PROBLEM TO SOLVE.
Please determine the number of lines in the material below that contain the word "Stage", and state it alone.

RECORDS FOR PROCESSING.
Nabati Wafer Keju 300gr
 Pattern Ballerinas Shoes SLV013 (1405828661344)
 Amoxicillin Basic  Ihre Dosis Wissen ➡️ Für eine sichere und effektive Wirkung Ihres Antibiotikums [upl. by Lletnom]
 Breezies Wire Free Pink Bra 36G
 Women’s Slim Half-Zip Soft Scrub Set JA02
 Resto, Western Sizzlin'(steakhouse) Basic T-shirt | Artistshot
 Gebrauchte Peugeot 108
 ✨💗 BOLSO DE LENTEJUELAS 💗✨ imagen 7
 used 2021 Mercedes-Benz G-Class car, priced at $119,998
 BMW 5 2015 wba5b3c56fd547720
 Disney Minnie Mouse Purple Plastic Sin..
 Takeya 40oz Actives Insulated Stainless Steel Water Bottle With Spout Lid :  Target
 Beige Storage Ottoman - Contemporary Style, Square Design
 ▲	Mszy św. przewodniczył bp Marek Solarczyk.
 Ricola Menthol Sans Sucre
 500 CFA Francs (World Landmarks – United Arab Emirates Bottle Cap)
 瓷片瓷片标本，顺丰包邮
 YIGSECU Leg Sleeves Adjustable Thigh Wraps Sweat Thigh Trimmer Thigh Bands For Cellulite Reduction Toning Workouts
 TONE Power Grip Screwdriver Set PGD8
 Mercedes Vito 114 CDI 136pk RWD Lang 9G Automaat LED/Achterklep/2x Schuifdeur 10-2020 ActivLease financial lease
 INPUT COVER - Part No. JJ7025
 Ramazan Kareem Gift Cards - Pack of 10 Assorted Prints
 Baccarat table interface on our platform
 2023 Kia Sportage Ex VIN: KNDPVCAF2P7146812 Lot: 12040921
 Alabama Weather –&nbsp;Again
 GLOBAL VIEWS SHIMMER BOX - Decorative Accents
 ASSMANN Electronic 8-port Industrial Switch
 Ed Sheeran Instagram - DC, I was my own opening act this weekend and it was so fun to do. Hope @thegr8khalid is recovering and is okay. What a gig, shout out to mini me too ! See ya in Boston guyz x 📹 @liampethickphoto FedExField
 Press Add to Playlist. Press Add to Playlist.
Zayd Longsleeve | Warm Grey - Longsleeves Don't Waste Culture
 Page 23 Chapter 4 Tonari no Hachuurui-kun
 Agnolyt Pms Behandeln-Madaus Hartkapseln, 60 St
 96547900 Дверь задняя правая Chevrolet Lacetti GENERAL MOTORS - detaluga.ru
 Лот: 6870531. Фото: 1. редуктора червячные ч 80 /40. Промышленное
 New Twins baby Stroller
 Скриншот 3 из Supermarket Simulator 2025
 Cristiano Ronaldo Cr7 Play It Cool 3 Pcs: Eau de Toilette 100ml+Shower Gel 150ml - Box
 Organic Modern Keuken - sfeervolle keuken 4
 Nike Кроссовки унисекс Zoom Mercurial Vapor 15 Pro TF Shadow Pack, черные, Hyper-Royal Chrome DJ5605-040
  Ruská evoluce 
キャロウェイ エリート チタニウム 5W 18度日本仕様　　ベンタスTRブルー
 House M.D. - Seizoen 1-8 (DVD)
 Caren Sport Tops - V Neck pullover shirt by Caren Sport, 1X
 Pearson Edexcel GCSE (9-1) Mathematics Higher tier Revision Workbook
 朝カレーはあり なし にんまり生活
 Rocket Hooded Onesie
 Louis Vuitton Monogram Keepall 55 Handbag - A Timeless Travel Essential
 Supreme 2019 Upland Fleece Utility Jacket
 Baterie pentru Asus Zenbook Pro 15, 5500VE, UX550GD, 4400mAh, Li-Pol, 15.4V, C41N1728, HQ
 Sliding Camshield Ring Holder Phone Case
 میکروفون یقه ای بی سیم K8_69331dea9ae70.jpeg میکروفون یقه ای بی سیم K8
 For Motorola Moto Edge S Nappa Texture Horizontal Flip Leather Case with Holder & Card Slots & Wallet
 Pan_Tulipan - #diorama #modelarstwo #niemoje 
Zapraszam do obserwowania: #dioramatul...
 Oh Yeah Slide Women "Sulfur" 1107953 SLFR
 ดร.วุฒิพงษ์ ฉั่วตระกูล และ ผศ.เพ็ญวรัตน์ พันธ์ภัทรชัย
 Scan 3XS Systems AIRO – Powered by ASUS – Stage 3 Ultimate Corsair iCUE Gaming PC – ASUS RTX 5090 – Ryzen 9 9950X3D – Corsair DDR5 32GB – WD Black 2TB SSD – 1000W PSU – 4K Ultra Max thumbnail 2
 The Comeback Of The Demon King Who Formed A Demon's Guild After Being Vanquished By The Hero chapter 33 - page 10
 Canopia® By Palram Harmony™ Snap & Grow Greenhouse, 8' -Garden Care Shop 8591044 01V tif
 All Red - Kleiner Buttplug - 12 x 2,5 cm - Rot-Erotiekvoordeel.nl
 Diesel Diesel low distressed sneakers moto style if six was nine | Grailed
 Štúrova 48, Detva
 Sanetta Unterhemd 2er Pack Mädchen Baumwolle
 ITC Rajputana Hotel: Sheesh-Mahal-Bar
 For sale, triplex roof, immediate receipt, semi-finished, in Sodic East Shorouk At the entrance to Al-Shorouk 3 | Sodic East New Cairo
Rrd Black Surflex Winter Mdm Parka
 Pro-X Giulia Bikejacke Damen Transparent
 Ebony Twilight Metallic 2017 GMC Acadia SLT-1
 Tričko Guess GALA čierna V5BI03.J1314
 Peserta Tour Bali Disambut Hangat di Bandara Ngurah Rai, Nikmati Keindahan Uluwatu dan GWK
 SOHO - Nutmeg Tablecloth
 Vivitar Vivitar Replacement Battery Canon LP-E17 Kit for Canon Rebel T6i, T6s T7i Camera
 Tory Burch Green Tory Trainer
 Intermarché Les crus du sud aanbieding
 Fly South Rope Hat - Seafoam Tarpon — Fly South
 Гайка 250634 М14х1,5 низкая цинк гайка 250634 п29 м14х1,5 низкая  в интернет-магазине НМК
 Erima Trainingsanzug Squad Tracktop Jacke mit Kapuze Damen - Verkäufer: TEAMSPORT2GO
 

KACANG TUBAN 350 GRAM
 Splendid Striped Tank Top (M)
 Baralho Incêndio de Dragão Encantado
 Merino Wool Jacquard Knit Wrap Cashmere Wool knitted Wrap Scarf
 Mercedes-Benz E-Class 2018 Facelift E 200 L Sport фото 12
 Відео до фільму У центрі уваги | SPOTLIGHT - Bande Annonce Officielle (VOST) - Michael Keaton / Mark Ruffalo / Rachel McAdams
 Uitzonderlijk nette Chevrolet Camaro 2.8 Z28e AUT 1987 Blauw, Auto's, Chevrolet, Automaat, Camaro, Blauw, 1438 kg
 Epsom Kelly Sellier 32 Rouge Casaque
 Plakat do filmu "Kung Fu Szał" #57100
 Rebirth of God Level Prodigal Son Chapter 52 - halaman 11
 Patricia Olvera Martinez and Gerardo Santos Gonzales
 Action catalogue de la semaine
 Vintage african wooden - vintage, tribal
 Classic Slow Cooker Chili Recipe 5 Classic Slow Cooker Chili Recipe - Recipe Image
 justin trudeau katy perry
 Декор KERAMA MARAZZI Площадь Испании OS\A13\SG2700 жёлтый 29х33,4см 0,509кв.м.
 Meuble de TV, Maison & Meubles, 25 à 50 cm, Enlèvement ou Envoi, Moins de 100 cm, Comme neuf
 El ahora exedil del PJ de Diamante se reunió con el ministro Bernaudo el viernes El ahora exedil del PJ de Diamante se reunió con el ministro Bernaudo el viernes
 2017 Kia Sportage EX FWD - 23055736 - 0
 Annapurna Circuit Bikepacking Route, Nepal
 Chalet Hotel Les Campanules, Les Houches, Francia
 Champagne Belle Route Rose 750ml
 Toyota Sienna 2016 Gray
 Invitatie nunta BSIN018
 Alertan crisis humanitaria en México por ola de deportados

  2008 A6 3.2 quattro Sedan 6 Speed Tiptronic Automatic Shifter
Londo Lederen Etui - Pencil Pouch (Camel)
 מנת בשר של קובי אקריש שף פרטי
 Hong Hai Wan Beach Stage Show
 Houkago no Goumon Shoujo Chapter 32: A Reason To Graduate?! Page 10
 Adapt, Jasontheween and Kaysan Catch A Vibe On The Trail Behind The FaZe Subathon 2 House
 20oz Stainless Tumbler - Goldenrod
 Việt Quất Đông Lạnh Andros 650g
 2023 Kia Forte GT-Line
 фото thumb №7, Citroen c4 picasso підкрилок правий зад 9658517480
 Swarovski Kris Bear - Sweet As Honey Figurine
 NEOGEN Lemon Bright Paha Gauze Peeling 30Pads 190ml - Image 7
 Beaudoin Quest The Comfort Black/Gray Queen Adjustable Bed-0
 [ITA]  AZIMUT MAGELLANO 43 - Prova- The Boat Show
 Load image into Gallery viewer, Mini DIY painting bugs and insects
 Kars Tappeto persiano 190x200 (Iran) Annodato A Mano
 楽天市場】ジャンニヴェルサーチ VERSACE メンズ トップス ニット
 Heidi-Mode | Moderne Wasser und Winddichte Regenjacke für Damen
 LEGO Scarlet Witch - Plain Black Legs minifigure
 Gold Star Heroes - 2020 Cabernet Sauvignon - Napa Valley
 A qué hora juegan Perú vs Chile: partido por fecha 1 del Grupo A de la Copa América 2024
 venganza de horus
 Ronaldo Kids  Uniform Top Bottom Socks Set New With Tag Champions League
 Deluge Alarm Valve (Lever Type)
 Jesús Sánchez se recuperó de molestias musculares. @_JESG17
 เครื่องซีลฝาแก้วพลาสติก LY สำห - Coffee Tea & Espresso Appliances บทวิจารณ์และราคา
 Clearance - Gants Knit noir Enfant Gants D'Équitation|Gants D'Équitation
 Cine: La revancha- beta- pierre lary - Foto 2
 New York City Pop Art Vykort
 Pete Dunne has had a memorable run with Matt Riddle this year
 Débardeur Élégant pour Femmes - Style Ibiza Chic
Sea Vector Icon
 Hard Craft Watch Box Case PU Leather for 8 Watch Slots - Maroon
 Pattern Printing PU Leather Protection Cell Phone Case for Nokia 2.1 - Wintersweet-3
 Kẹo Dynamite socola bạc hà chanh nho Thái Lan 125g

REPLY TO THE TASK.
2